Clearly, in determining the effects of reward for task participation, the nature of the task is relevant. In interesting tasks rewards may decrease participants' interest, most reliably when rewards are expected, salient, and contingent on task engagement (Deci & Ryan, 1987). It has been hypothesized that when task interest is reduced in the presence of rewards, this occurs because rewards have reduced subjective autonomy. Humans are assumed to have a need to feel autonomous. As a means of behavior control, rewards are thought to reduce subjective autonomy, and reduction in subjective autonomy is believed to lead to loss of interest (Deci & Ryan, 1994).

Interesting tasks are often performed to achieve pleasure that is inherent in the task. The pleasurable consequences of performing the task are events that coexist with the reward, discounting external rewards as controlling factors (Kelley, 1972) as well as making rewards less salient. In a boring task, rewards are much more salient as means of behavior control than in an interesting task. If salience of reward is important in reducing subjective autonomy, it might be expected that the less interesting the task, the more a reward will reduce the acting person's sense of autonomy. In other words, because rewards exercise greater control and are more salient when a task is dull than when it is interesting; one might expect a greater reduction in subjective autonomy when boring tasks are rewarded than when interesting tasks are rewarded.

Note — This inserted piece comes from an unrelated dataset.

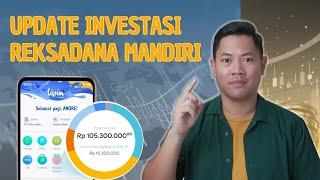 Update Hasil Investasi Reksadana di Mandiri per Q1 2024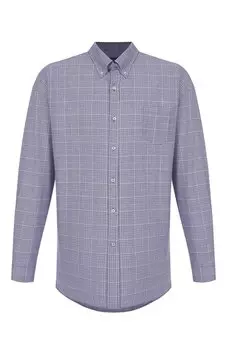 Хлопковая рубашка Paul&Shark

Rewards are, of course, only one of many sources of behavior control. Because subjects participating in experiments are normally instructed to engage in a task, an obvious source of control in this context is instructions. Being instructed to perform a task will by necessity affect a subject's feeling of autonomy in performing that task. However, the observation that being instructed to act may reduce one's sense of autonomy can be accepted without necessarily assuming that behavior control by way of rewards will reduce subjective autonomy. Indeed, the thought that extrinsic rewards should reduce people's sense of autonomy seems somewhat counterintuitive.

Consider the fact that working for no pay is slavery. A slave is not his own master, which means that a slave has little autonomy. Working for a salary is normally associated with a greater degree of autonomy. Thus, an increase, rather than a decrease in autonomy should be a likely finding when engagement in a boring task is rewarded. A test of this hypothesis requires, of course, that the effects of choice and rewards are separated.

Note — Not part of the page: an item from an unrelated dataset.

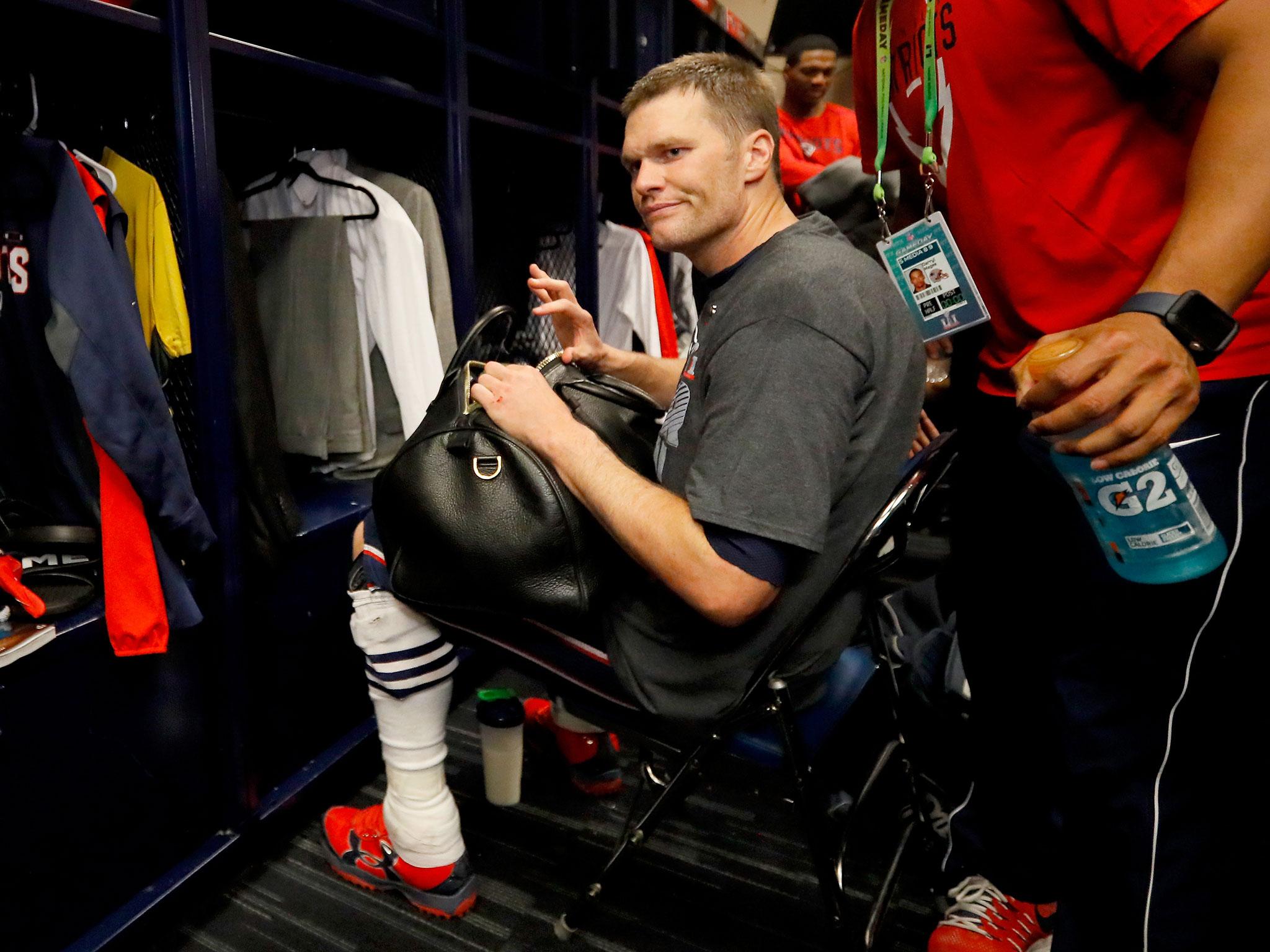 Tom Brady's missing Super Bowl jersey has been found - and he ...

Because variation in subjective autonomy has been claimed to affect task interest, the relation between these two variables is theoretically significant. In spite of this, the relationship between subjective autonomy and task interest has not previously been subjected to direct empirical testing. We performed a pilot study that did not indicate any such association. Furthermore, when rewards are offered in exchange for engagement in a boring task, depending on the circumstances, both incentive effects (Calder & Staw, 1975; Loveland & Olley, 1979), dissonance effects (Greenwald & Ronis, 1978), and reverse-incentive effects (Freedman, Cunningham, & Krismer, 1992) have been reported. …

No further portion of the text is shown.